Coaching untuk Supervisi Akademik adalah materi yang disampaikan di Modul 2.3 Pendidikan Guru Penggerak Angkatan 5 yang sedang saya jalani. Dan, jujur saja, ini adalah pertama kalinya saya mengenal/ bersinggungan dengan materi coaching. Apalagi coaching yang digunakan dalam proses Supervisi Akademik.

Program Pendidikan Guru Penggerak tidak hanya menyiapkan para pemimpin pembelajaran, namun juga menyiapkan para Calon Guru Penggerak sebagai seorang kepala sekolah. Dan, salah satu tugas kepala sekolah adalah melakukan supervisi akademik terhadap para guru yang ada di sekolah yang dipimpinnya. Supervisi akademik dilakukan untuk memastikan pembelajaran yang berpihak pada murid, dimana pembelajaran harus diselenggarakan dalam suasana belajar yang

  • interaktif;
  • inspiratif;
  • menyenangkan;
  • menantang;
  • memotivasi peserta didik untuk berpartisipasi aktif; dan
  • memberikan ruang yang cukup bagi prakarsa, kreativitas, kemandirian sesuai dengan bakat, minat, dan perkembangan fisik, serta psikologis Peserta Didik.
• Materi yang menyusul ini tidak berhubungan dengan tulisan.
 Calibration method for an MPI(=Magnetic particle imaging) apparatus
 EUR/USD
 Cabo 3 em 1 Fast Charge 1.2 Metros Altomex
Selain bertujuan untuk memastikan pembelajaran yang berpihak pada murid, supervisi akademik juga bertujuan untuk pengembangan kompetensi diri dalam setiap pendidik di sekolah sebagaimana tertuang dalam standar tenaga kependidikan. Kriteria minimal kompetensi pendidik sebagaimana dimaksud pada ayat (1) meliputi kompetensi pedagogik, kompetensi kepribadian, kompetensi sosial, dan kompetensi profesional. Rangkaian supervisi akademik ini digunakan kepala sekolah untuk mendorong ruang perbaikan dan pengembangan diri guru di sekolahnya.

Pertanyaan yang kemudian muncul adalah, kepala sekolah seperti apakah yang dapat mendorong kita sebagai warga sekolah untuk selalu mengembangkan kompetensi diri dan senantiasa memiliki growth mindset, serta keberpihakan pada murid? Jawabannya adalah pemimpin sekolah yang dapat mengidentifikasi kebutuhan pengembangan kompetensi diri dan orang lain dengan menggunakan pendekatan yang sesuai dengan kebutuhan tersebut.
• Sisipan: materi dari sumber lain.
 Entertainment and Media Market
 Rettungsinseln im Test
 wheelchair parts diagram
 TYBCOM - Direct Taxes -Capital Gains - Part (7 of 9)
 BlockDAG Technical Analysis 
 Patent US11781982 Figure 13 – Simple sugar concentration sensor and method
Dalam hal ini, pendekatan yang digunakan adalah pendekatan yang diawali dengan paradigma berpikir yang memberdayakan. Pendekatan dengan paradigma berpikir yang memberdayakan mutlak diperlukan agar pengembangan diri dapat berjalan secara berkelanjutan dan terarah. Salah satu pendekatan yang memberdayakan adalah coaching sebagaimana Whitmore (2003) ungkapkan bahwa coaching adalah kunci pembuka potensi seseorang untuk memaksimalkan kinerjanya. Sejalan dengan hal ini, dengan adanya program Pendidikan Guru Penggerak ini, kita diharapkan menjadi supervisor atau kepala sekolah yang memiliki paradigma berpikir dan keterampilan coaching dalam rangka pengembangan diri dan rekan sejawat.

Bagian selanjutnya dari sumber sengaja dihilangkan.